### Your instructions
With the pictures left out, retype exactly the lines below starting at the line that contains "Updation means to" and ending at the line that contains "But even more".

- - -

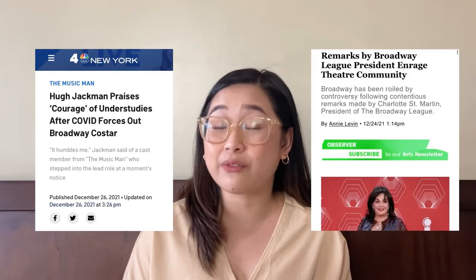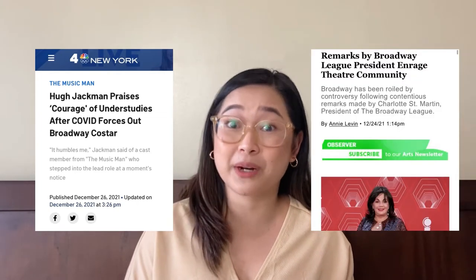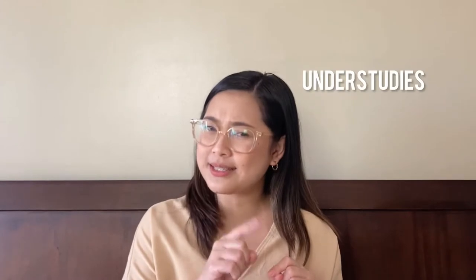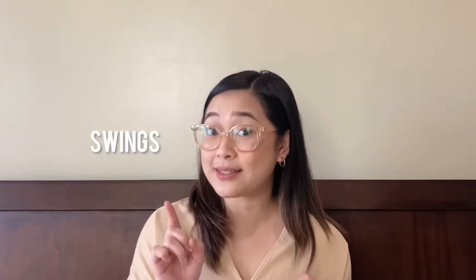I don't know if you guys caught Hugh Jackman's wonderful tribute to understudies and swings and the big controversy of the Broadway League president's statement. With all of these things going on, I thought it would be a great time to talk about alternates, understudies, swings, and covers.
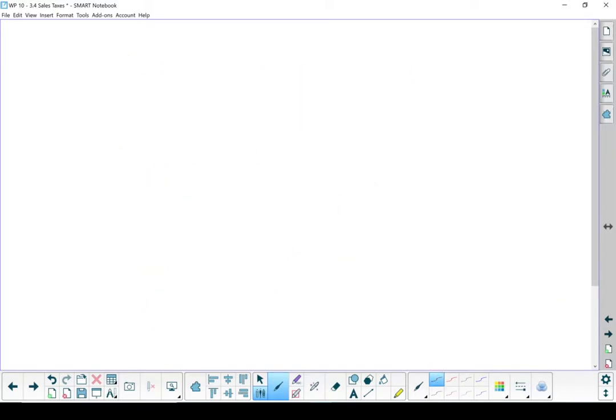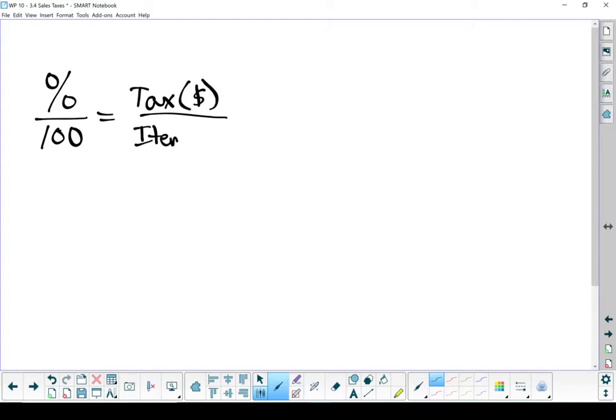We're going to do most of our work with taxes with the following proportion. Percent over 100 equals tax over item price. Once again, this is just a variation of our percent proportion.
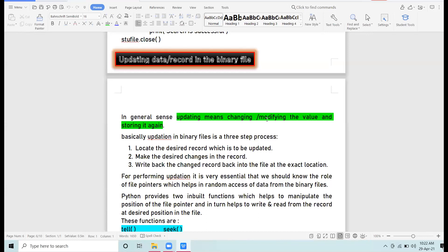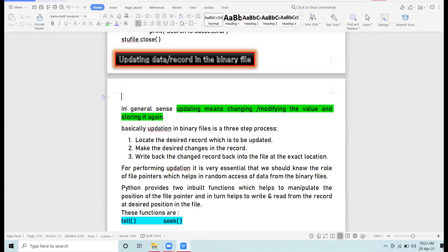Updation means to make some changes in the existing record — some modifications in the existing record. Suppose there is one student whose marks are above 80. The condition is: if marks are above 80, add five marks as bonus. So marks of 80 become 85, and marks of 85 become 90.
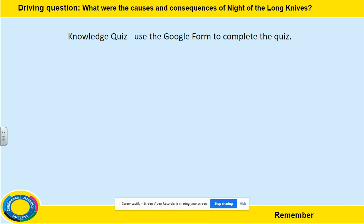Hello Year 10. In today's lesson you are going to be looking at the causes and consequences of the Night of the Long Knives. Before you complete the lesson, you need to complete the knowledge quiz using the Google form attached. Pause the video and complete that now.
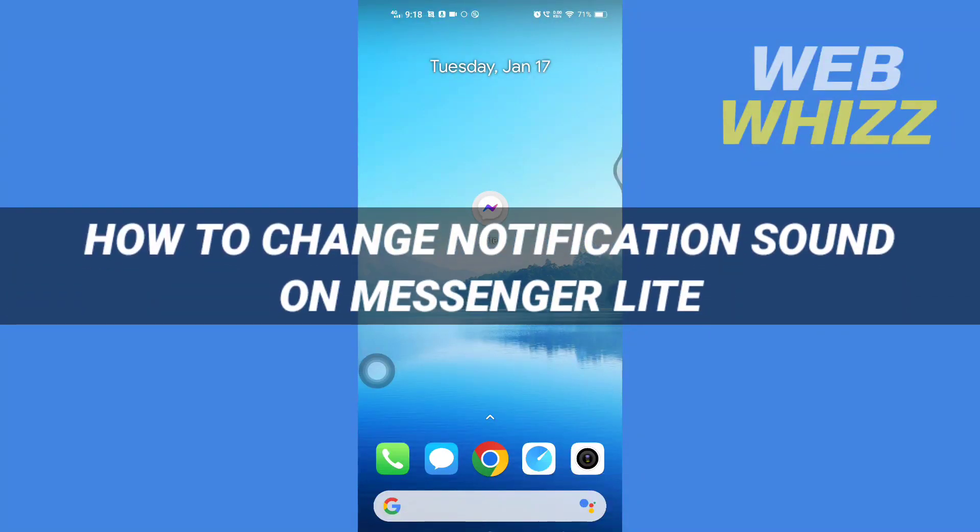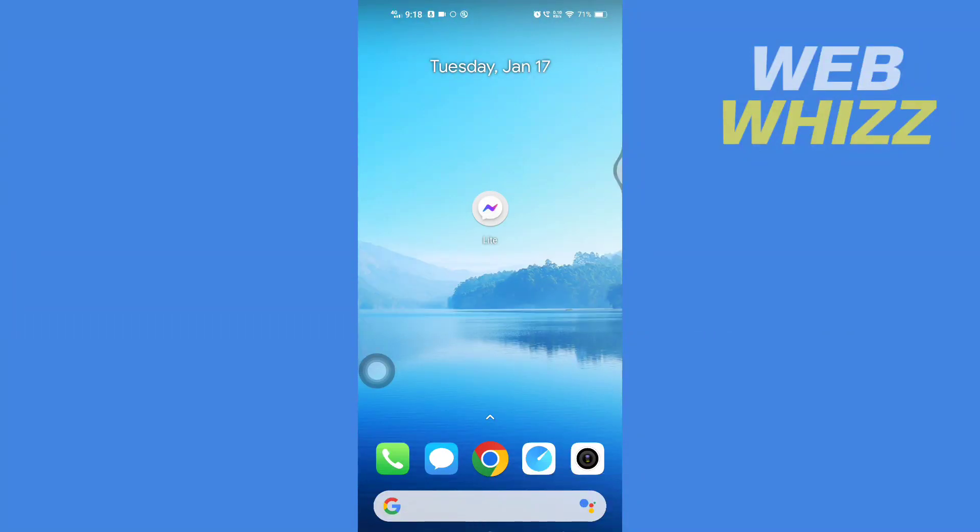How to change notification sound on Messenger Lite. Hello and welcome to our channel WebWhizz. In this tutorial, I'm going to show you how you can easily change notification sound on your Messenger Lite app. Please watch till the end to properly understand the tutorial.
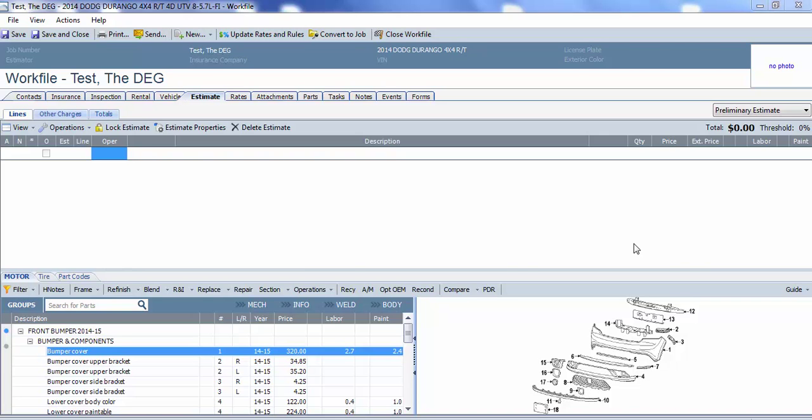In this video, I'm going to be showing how to go into the setup of CCC1 and change the bumper prompt that comes up when you refinish a bumper, or it may not come up. It depends on how you have it set up.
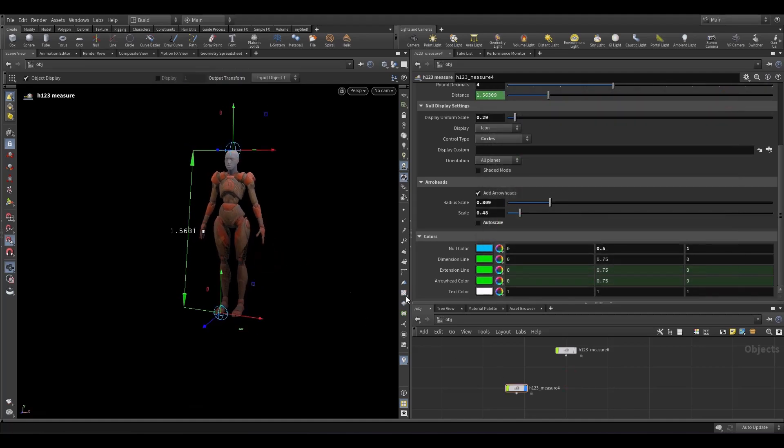You can customize that. And that's pretty much it. Have fun measuring!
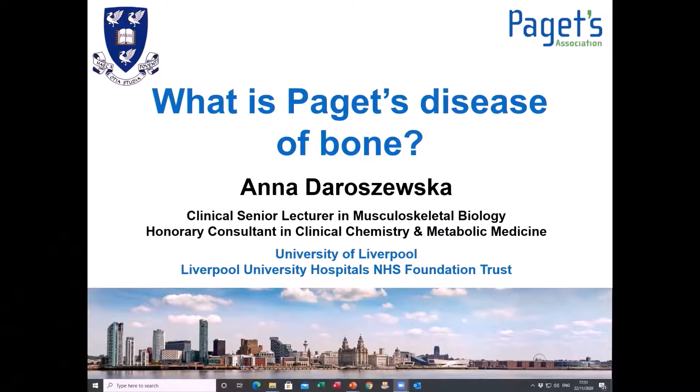I'm Dr. Anna Dauszewska, consultant and senior lecturer in Liverpool, and I have an interest in Paget's disease of bone.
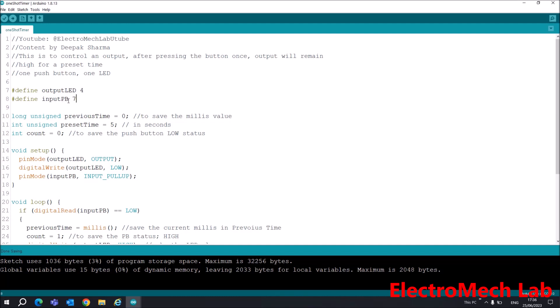Next is a variable which is long unsigned, because it will have a larger value. This will save the value of millis, which gives you the value in milliseconds, and this value is much higher.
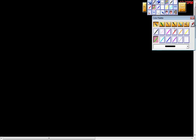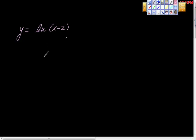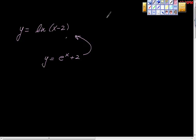Here's one that might be a little more interesting: y equals ln of x minus 2. This looks very similar to the previous ln example, so by the same process — converting ln to log base e, going to exponential form, and solving — you get y equals e to the x plus 2. If you're not sure how I got that, go back and look at the last ln example to see how it makes sense.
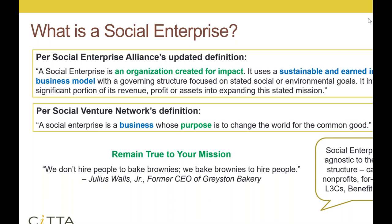But even more importantly, it's the green text: a social enterprise has got to be an organization created for impact. It's got to be purpose-centered, because that is what is going to drive all your decision-making. The business and the earned income — selling products and services — is a means towards that end of creating social or environmental impact. For all of you who are nonprofits or working in the nonprofit sector, that's obviously true to your DNA.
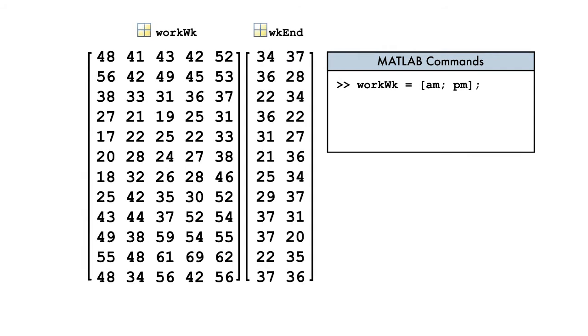Let's have a look at the weekend data. In this case, we want to add two additional columns onto the end of the matrix. As you may have guessed, we use horizontal concatenation, which combines matrices side by side, increasing the number of columns.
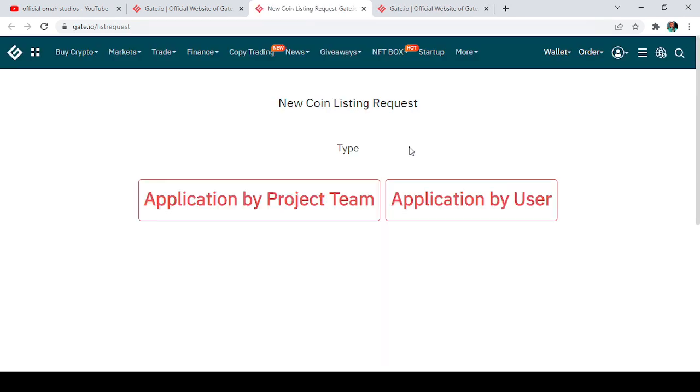So now this is the page, the landing page for the listing. As you can see, it says New Coin Listing Request, which means it is an opportunity for you to request a coin that you want to be listed.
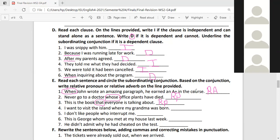Number four, Jude: 'I want to visit the island where my grandma was born.' Where is the subordinating conjunction? 'Where' — and 'where' is a relative adverb. Excellent!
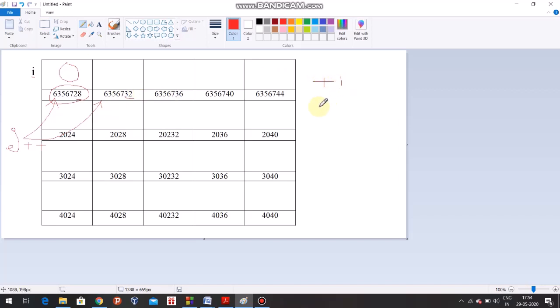So incrementing by 1 means incrementing by the size of the data type. Again: in general arithmetic, incrementing by 1 is literally incrementing by 1. But in pointer arithmetic, incrementing by 1 means incrementing by 1 unit of the data type — that is, by the size of the data type. Simple.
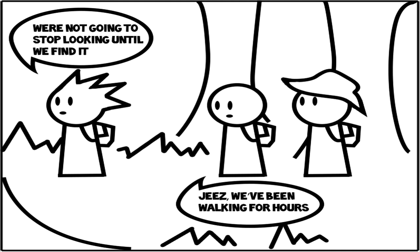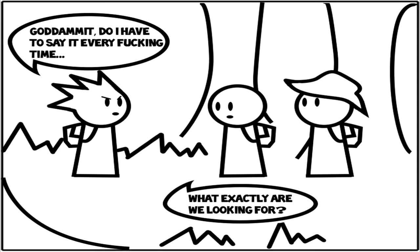Geez, we've been walking for hours. Look, we're not going to stop looking until we find it. That's it. But what exactly are we looking for?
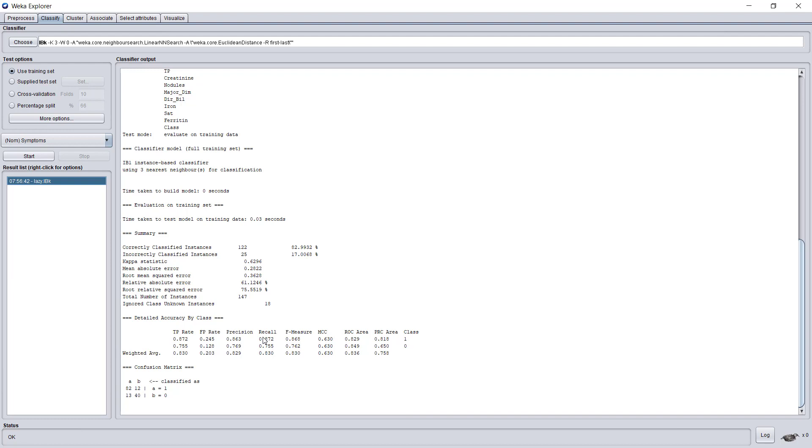We can also find some other metrics and statistical correlation information, such as what is the true positive percentage, false positive, precision recall, and so on. These represent the ability of the algorithm to correctly predict the Symptom's value for each instance. You can also see it here in the confusion matrix, where A stands for 1 for the Symptom's value, B for 0, and each column shows how they were classified. So 82 instances that were 1 in Symptoms were indeed classified as A, but 12 were classified as B. In other words, if 1 is positive, 82 were true positive and 12 were false positives.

- - -

### Response to the exercise
Updation means to make some changes in the existing record — some modifications in the existing record. Suppose there is one student whose marks are above 80. The condition is: if marks are above 80, add five marks as bonus. So marks of 80 become 85, and marks of 85 become 90.
Hello Year 10. In today's lesson you are going to be looking at the causes and consequences of the Night of the Long Knives. Before you complete the lesson, you need to complete the knowledge quiz using the Google form attached. Pause the video and complete that now.
How to change notification sound on Messenger Lite. Hello and welcome to our channel WebWhizz. In this tutorial, I'm going to show you how you can easily change notification sound on your Messenger Lite app. Please watch till the end to properly understand the tutorial.
In this video, I'm going to be showing how to go into the setup of CCC1 and change the bumper prompt that comes up when you refinish a bumper, or it may not come up. It depends on how you have it set up.
You can customize that. And that's pretty much it. Have fun measuring!
I'm Dr. Anna Dauszewska, consultant and senior lecturer in Liverpool, and I have an interest in Paget's disease of bone.
Next is a variable which is long unsigned, because it will have a larger value. This will save the value of millis, which gives you the value in milliseconds, and this value is much higher.
Here's one that might be a little more interesting: y equals ln of x minus 2. This looks very similar to the previous ln example, so by the same process — converting ln to log base e, going to exponential form, and solving — you get y equals e to the x plus 2. If you're not sure how I got that, go back and look at the last ln example to see how it makes sense.
But even more importantly, it's the green text: a social enterprise has got to be an organization created for impact. It's got to be purpose-centered, because that is what is going to drive all your decision-making. The business and the earned income — selling products and services — is a means towards that end of creating social or environmental impact. For all of you who are nonprofits or working in the nonprofit sector, that's obviously true to your DNA.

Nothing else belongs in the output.